EXERCISE OBJECTIVE: Wherever the string "holding" shows up in the material below, copy that line.

DATA TO PROCESS:
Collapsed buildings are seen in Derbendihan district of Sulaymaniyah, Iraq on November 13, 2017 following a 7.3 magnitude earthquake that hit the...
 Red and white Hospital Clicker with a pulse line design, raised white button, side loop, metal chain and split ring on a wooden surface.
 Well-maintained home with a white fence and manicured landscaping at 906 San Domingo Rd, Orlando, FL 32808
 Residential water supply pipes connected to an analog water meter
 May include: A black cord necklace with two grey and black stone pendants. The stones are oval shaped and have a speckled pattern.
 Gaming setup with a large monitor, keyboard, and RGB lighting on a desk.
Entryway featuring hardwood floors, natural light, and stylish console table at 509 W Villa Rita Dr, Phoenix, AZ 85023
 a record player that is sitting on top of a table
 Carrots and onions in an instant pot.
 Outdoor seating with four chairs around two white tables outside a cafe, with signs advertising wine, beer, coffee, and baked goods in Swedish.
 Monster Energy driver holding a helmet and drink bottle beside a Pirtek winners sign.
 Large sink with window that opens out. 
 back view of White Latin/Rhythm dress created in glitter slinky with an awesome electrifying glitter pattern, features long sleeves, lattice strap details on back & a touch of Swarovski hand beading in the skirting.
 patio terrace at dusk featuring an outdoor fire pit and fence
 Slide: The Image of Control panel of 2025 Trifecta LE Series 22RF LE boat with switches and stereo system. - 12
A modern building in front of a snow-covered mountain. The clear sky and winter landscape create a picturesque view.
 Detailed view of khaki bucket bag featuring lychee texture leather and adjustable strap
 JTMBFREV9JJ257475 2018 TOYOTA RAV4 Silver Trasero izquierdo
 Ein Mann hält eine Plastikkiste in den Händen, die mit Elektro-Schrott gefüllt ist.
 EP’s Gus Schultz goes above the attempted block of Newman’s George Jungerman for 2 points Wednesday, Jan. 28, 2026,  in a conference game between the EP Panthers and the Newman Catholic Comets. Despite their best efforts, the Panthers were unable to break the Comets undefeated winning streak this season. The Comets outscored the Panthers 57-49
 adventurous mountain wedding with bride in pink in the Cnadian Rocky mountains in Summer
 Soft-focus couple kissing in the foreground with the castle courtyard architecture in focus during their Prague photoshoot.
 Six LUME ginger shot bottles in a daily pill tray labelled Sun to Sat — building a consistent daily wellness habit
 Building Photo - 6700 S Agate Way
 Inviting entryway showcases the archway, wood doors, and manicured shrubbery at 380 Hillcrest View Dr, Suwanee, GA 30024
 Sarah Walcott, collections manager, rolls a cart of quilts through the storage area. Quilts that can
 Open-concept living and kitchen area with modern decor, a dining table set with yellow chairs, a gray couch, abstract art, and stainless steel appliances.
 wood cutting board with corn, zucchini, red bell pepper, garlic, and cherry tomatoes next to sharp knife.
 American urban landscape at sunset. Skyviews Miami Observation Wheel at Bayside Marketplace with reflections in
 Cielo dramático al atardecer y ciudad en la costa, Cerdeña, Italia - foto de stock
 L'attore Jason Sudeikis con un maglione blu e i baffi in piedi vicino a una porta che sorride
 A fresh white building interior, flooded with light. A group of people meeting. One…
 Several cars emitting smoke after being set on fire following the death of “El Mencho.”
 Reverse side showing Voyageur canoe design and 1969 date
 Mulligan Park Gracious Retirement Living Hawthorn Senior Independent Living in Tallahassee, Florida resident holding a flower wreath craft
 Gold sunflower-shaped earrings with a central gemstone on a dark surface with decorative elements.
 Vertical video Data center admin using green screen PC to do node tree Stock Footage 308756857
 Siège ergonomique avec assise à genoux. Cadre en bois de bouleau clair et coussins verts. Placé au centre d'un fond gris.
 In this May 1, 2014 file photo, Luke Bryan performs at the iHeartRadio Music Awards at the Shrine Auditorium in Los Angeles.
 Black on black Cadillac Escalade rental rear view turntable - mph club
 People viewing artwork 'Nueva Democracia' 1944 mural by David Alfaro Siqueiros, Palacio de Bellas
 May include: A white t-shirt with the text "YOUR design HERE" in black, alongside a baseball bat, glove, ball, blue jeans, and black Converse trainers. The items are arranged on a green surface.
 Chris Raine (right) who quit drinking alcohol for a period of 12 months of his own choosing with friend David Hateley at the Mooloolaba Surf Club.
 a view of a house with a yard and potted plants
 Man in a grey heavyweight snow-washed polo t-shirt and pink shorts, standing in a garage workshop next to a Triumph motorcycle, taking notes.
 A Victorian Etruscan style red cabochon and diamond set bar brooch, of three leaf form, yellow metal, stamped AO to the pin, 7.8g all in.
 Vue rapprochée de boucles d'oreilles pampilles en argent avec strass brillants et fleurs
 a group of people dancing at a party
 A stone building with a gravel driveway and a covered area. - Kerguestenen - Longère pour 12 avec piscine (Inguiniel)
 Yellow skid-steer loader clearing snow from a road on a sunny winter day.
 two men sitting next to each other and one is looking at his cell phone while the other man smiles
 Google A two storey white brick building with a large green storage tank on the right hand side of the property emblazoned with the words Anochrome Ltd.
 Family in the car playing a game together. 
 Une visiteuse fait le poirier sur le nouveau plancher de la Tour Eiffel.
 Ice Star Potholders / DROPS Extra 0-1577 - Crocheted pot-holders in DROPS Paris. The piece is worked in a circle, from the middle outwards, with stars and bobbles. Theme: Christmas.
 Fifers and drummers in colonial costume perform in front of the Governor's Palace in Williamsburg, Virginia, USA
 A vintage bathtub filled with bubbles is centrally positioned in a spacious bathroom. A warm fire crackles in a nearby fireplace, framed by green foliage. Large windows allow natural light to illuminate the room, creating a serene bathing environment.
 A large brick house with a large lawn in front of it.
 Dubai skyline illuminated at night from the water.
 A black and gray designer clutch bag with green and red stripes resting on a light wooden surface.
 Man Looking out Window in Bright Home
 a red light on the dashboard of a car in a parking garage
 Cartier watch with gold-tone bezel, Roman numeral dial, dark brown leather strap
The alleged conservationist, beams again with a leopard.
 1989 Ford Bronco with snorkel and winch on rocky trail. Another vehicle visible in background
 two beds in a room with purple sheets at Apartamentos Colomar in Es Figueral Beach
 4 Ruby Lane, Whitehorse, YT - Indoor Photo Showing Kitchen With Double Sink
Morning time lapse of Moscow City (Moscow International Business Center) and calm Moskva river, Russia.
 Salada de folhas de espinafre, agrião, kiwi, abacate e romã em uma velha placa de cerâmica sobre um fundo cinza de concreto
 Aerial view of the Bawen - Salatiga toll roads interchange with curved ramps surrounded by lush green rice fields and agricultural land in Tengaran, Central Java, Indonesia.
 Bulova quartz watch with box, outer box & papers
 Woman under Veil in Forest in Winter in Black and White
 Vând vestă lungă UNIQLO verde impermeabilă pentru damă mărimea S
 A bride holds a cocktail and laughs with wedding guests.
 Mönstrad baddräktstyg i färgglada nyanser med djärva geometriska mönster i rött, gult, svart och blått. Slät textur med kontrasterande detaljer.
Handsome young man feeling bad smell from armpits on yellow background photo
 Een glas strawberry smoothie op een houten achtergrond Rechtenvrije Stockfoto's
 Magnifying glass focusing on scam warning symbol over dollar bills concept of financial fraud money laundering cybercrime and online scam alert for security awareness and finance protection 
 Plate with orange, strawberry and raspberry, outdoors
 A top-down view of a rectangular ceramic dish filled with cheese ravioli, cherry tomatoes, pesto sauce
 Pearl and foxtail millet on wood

COMPLETED EXERCISE:
 Monster Energy driver holding a helmet and drink bottle beside a Pirtek winners sign.
 Mulligan Park Gracious Retirement Living Hawthorn Senior Independent Living in Tallahassee, Florida resident holding a flower wreath craft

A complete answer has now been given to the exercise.